● **To do**:
Would you transcribe only the lines below, from the one containing "Polje obradjenog zemljista, pejzaz" through the end of the material, exactly and with no pictures?

=== Data records ===

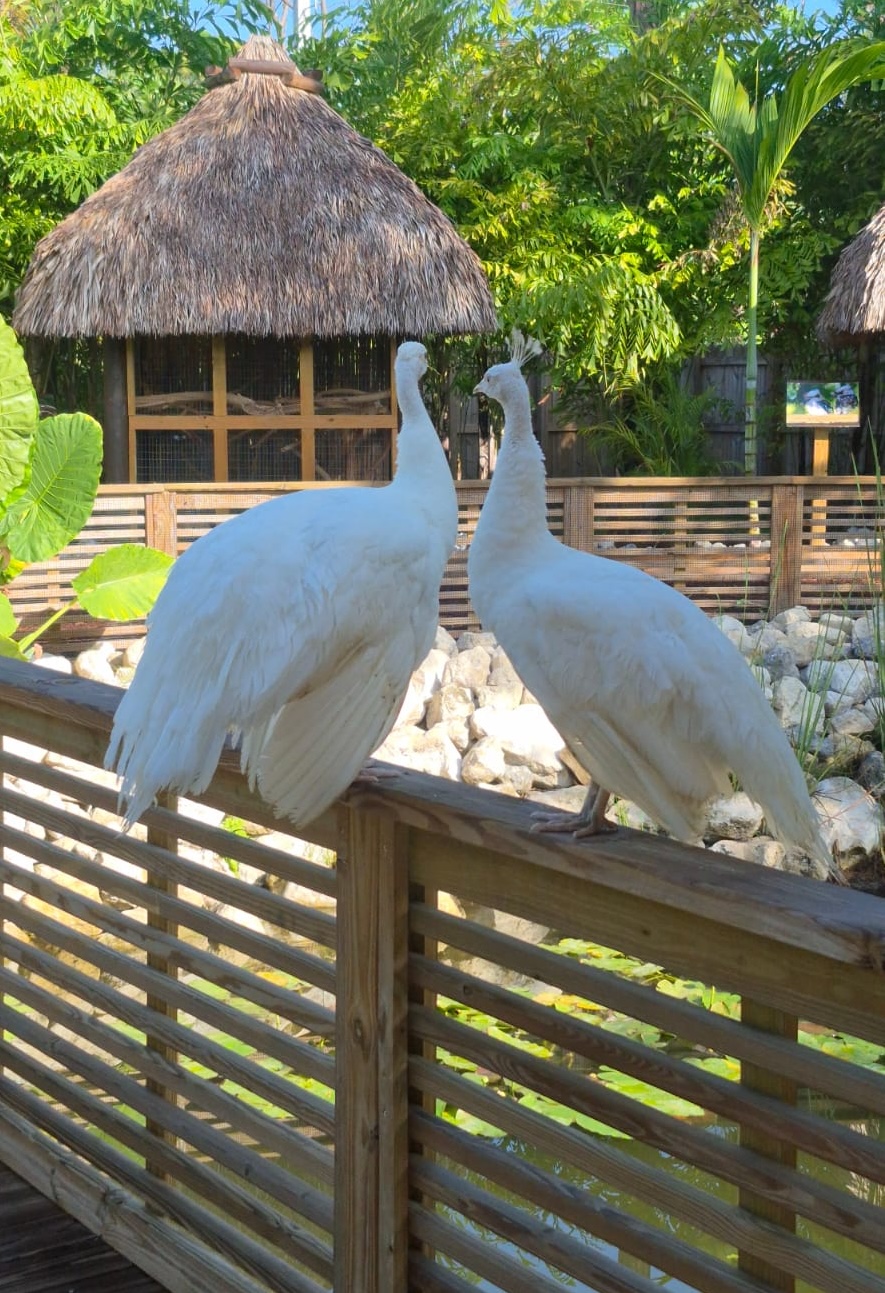 PHOTO-2025-06-09-12-11-24-8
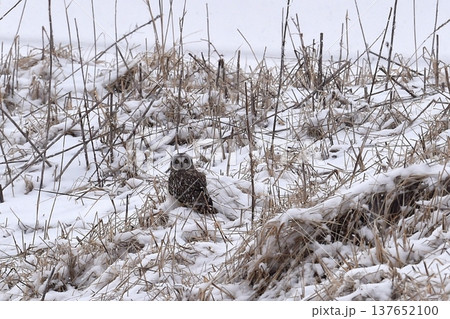 草地から此方を見つめるコミミズク 137652100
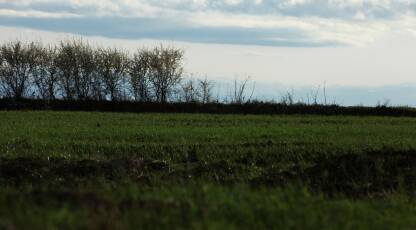 Polje obradjenog zemljista, pejzaz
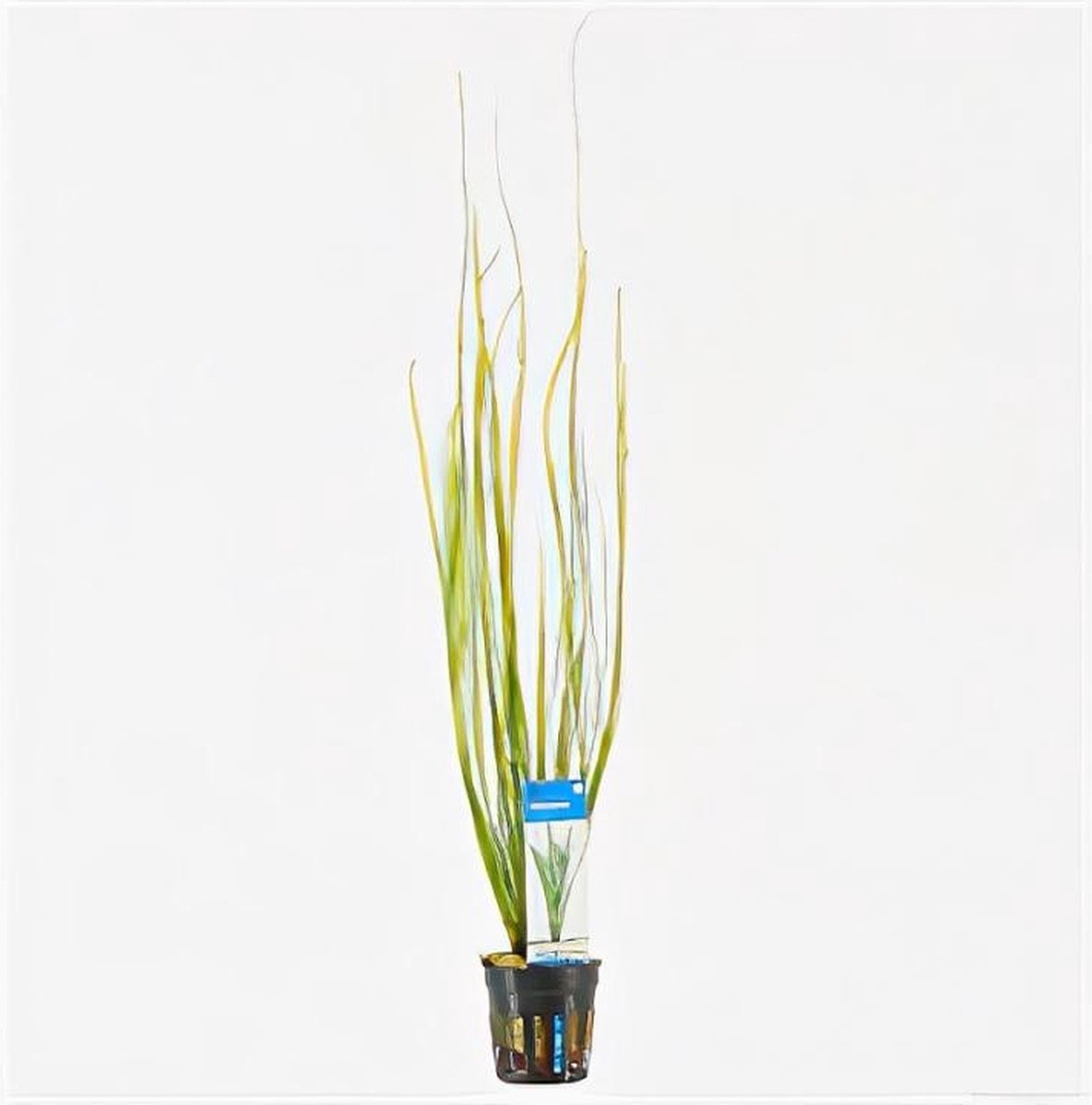 Moerings Vallisneria Natans in 5 cm pot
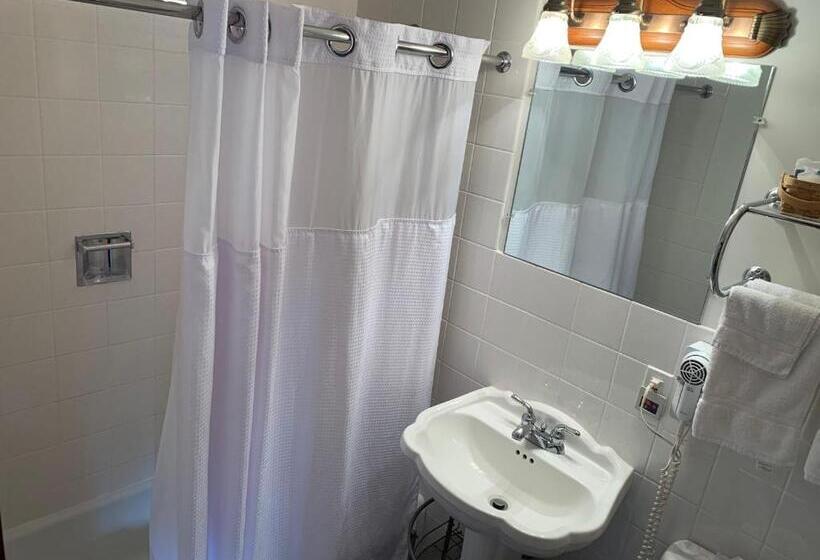 Номер Deluxe, Towne Lyne Motel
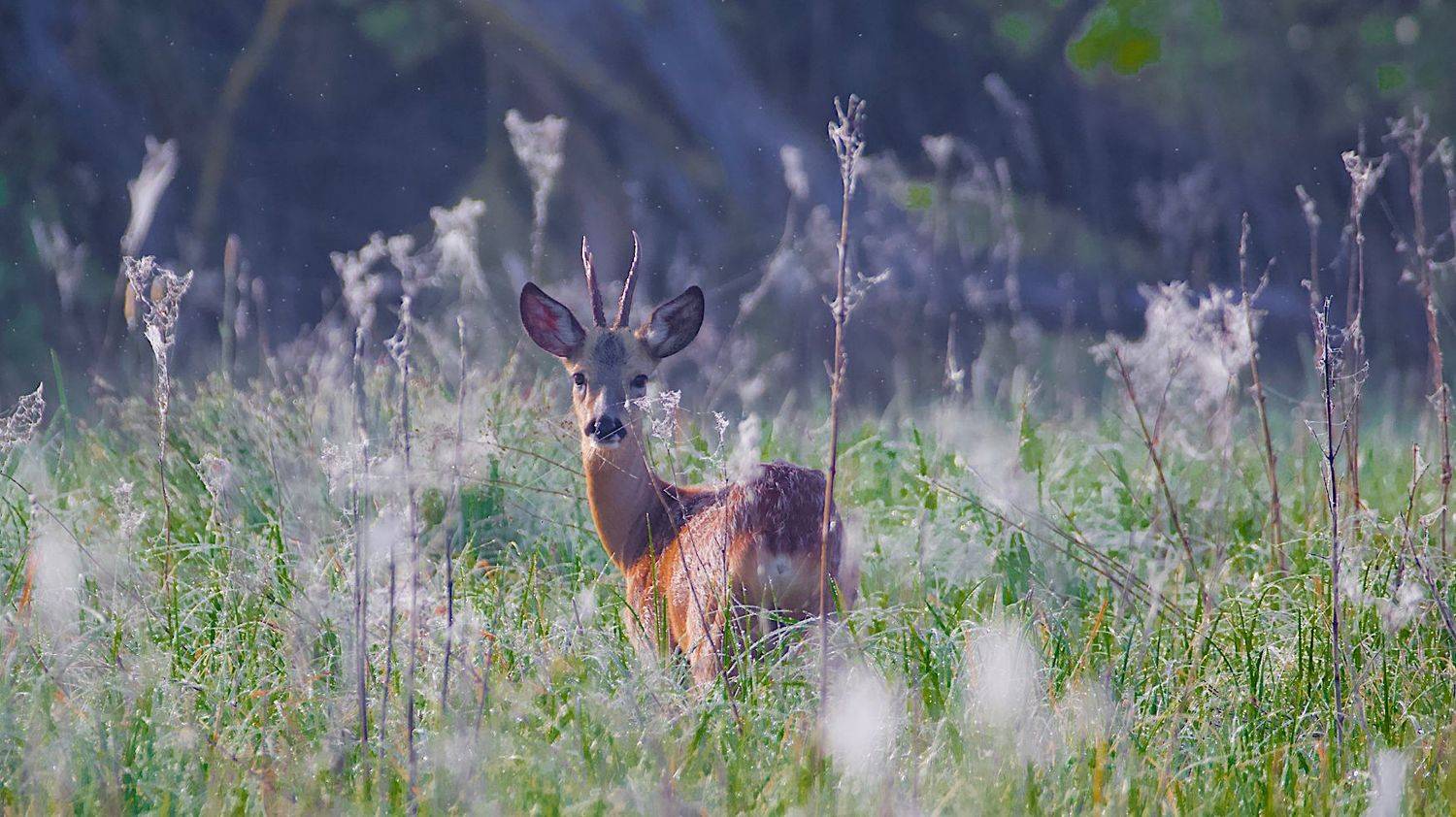 , Мазурин Евгений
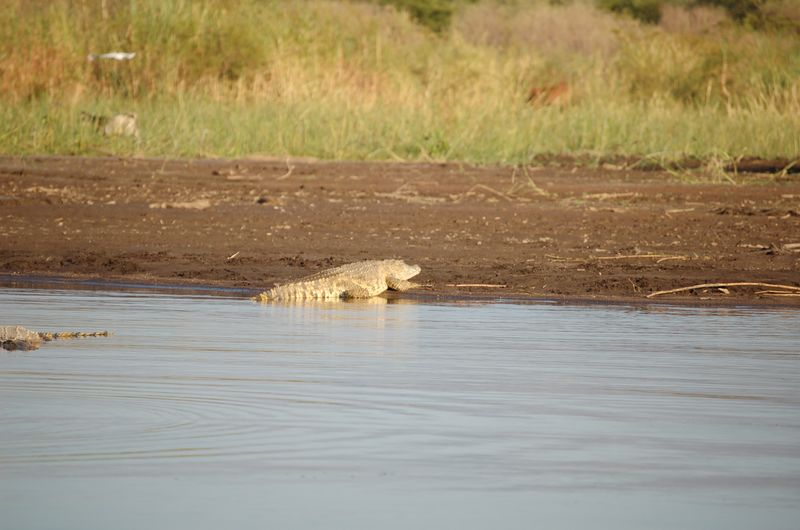 Safari Arba Minch -173.jpg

===

● **Written response**:
 Polje obradjenog zemljista, pejzaz
 Moerings Vallisneria Natans in 5 cm pot
 Номер Deluxe, Towne Lyne Motel
 , Мазурин Евгений
 Safari Arba Minch -173.jpg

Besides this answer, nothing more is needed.